Let us now commemorate President’s Day

I apparently made a “politically incorrect” statement, or threw a skunk into the middle of a room.
“President’s Day.  We used to have Washington’s Birthday and Lincoln’s Birthday.  Why do we have only one now?”
So I say, “To make way for MLK Day.”
And so it goes.  “I’m not going to touch that one.”

It is my understanding.  There were two Holidays.  We weren’t going to get a third one, and besides which that was a convenient rationalization to avoid agreeing to MLK Day.  So they consolidated Washington and Lincoln.

Which is good.  It makes the day a celebration of, as yet, 43 people of varying competence and historical import, and not just one supposed Great Leader.  It is what separates America from North Korea, which just had a week long celebration devoted to the Birthday of Kim Jong Il.
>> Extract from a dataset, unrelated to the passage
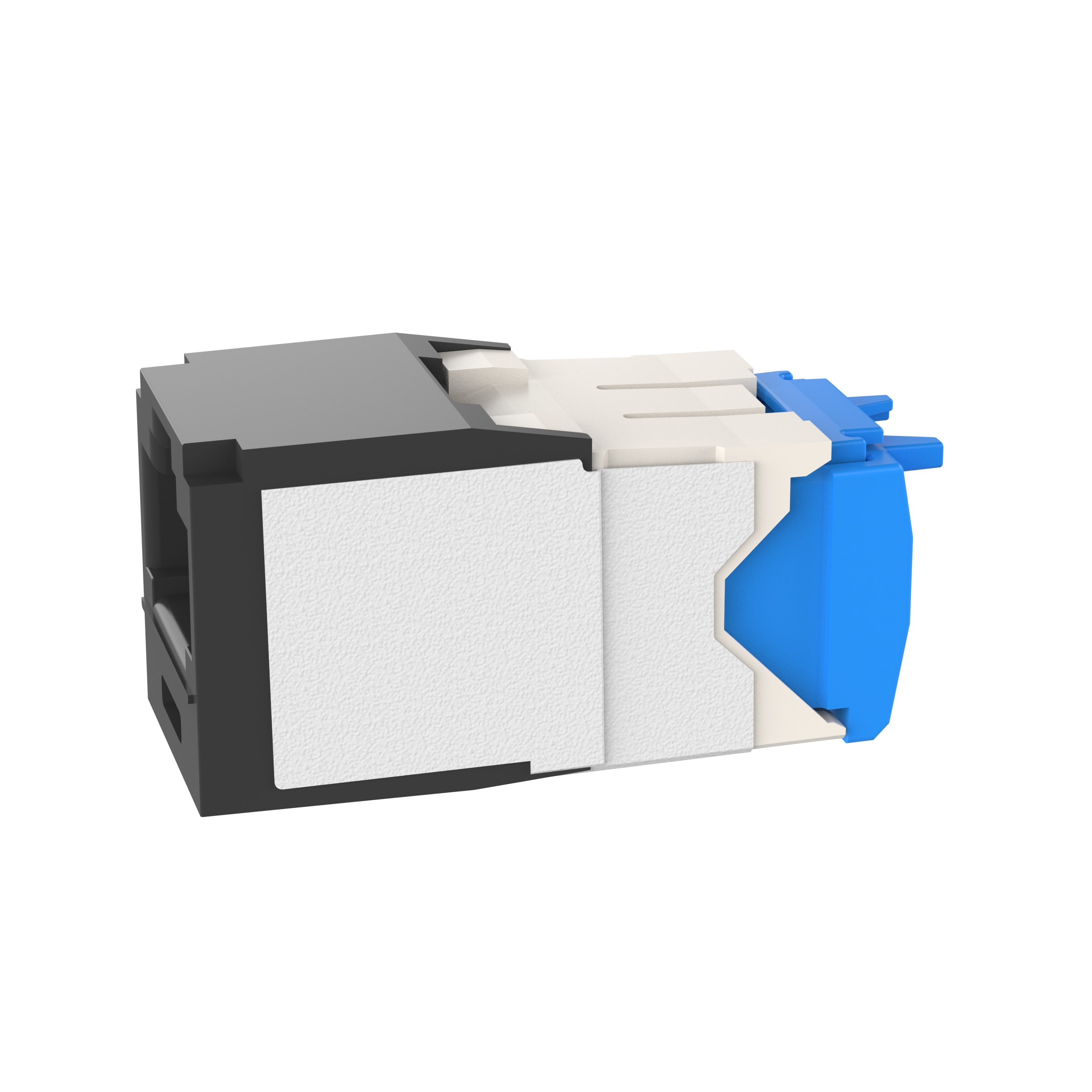 UTP RJ45 Cat 6A PViQ TG Jack Module, Black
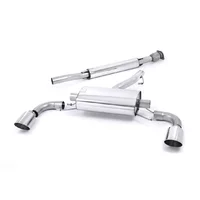 Cat-Back Milltek  2.50" Dual Polished GT-115 pour SUBARU BRZ (ZC6)  2.0 (ZC6) 200cv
So how should we commemorate President’s Day?  I think by bashing and tearing down the Presidents with high reputations and virtually enshrining some Presidents with middling or low, or better still considered non-entities, onto Mount Rushmore.  Mind you, this is an exercise in Contrarianism.  It doesn’t have to be wholly believed, or even terribly consistent.

Thomas Jefferson.  A damned Philospher King whose vision was anachronistic from day one, who “sought to turn the whole world into an 18th century Virginia” and thus has beecome “a kind of free-floating icon who hovers over the American political scene much like one of those dirigibles cruising above the Super Bowl”.  His love of violent metahors and rhetoric should really be looked over by a psychiatrist.  His greatest Presidential accomplishment — the Louisiana Purchase – was achieved by violating his political ideology, and would have been done by his Federalist Predecessor without the hand wringing.  Historians praising his greatness just look the other way at his second term, where his refusal to build up a military and thus subsequent Economic Embargo against Britain plunged the nation into its first Depression and set up the War of 1812.
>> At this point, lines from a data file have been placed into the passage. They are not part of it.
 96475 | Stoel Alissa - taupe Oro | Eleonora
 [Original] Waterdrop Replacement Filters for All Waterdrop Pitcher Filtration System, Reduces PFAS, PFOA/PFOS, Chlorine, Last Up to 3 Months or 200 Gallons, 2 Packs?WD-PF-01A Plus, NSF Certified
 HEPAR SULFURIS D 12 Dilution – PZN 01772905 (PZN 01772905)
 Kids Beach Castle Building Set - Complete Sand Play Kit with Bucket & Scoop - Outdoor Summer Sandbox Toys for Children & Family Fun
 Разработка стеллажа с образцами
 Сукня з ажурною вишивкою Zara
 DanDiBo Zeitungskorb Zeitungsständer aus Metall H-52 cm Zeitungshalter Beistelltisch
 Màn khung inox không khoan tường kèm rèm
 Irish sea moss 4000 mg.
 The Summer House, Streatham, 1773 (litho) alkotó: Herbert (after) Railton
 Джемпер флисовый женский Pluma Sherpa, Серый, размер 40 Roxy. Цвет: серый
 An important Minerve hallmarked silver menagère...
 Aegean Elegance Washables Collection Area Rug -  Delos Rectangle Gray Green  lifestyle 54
Theodore Roosevelt.  To read the works of his Intellectual Champion and influence, Herbert Croly, is to make Glenn Becks out of us all in chomping at a supposed “Fascism” of “Progressivism”, with a presumption of government’s role in shaping the citizenry and not much the other way around.  As it were, Roosevelt was not much a champion of great Progressive Ideals until about the seventh year of his presidency.  His actions in the Brownsville Affair set the stage for his Third Party run where he explicity called for a “White Man”‘s Campaign.  And the stage he set for his fourth presidential campaign was the worst of the lot, and had he not passed away he would have ended up back in the presidency,  where he threw away any negative or critical stances against “Big Business” and the Trusts.

John Kennedy.  His assassination allowed his partisans to read into him all kinds of crazy ideas — for instance, the idea that the man who came into office by lying about and stoking fears about a “Missile Gap” with the Soviets was all set to pick a fight with the Military Industrial Complex and avoid Vietnam.  He waved in an era of Presidential Image Mking such that polls showed Americans regarded him as a Great Family Man — which may or may not be the case, but whose numbers would have tipped had his endless games of Touch Football not been so publicized and his endless Philandering been publicized.  His death allowed him to escape the Judgements against the “Imperial Presidency” and against the Federal Government’s Surveliance State that would greet Johnson and Nixon, that judgement in turn allowing Kennedy’s admirers to shave Johnson’s accomplishments back onto Kennedy.

John Tyler.  His Presidential Legacy comes in staring down Henry Clay and assuming defiantly ALL responsibilities and privileges associated with the title of “Presidency of the United States” — which was an open question upon the death of William Henry Harrison.  That he spent his three years and 11 months in a political isolation with an abondoned party is a moot point — he set the precedent that ensured a proper sense of political order and without his actions, America would have suffered fears of dissolution upon any other President’s deaths.

Zachary Taylor.  The Founders of our nation gravitated toward the position of slavery as a “Necessary Evil” which would be done away with in due course.  The invention of the Cotton Gin pushed new rationalizations for the position that Slavery was a positive good, and needed to be protected and extended at all costs.  (The pernicous effects of this political stance was how John Quincy Adams ended up an Abolitionist on the House floor — protesting the “Gag Rule” which restricted First Amendment Rights).  Taylor, from his role as a Souther President, sought Expansion without regard to the extension of Slavery, and thus represented the last chance at that “slow death of Slavery” — before Fillmore, Pierce, and Buchanan came in to march us on to Civil War.  Taylor was thus a martyr to the cause of Union, the last hope to avoid Civil War, and is thus saluted.

I’ll pull five more out my butt for the next entry.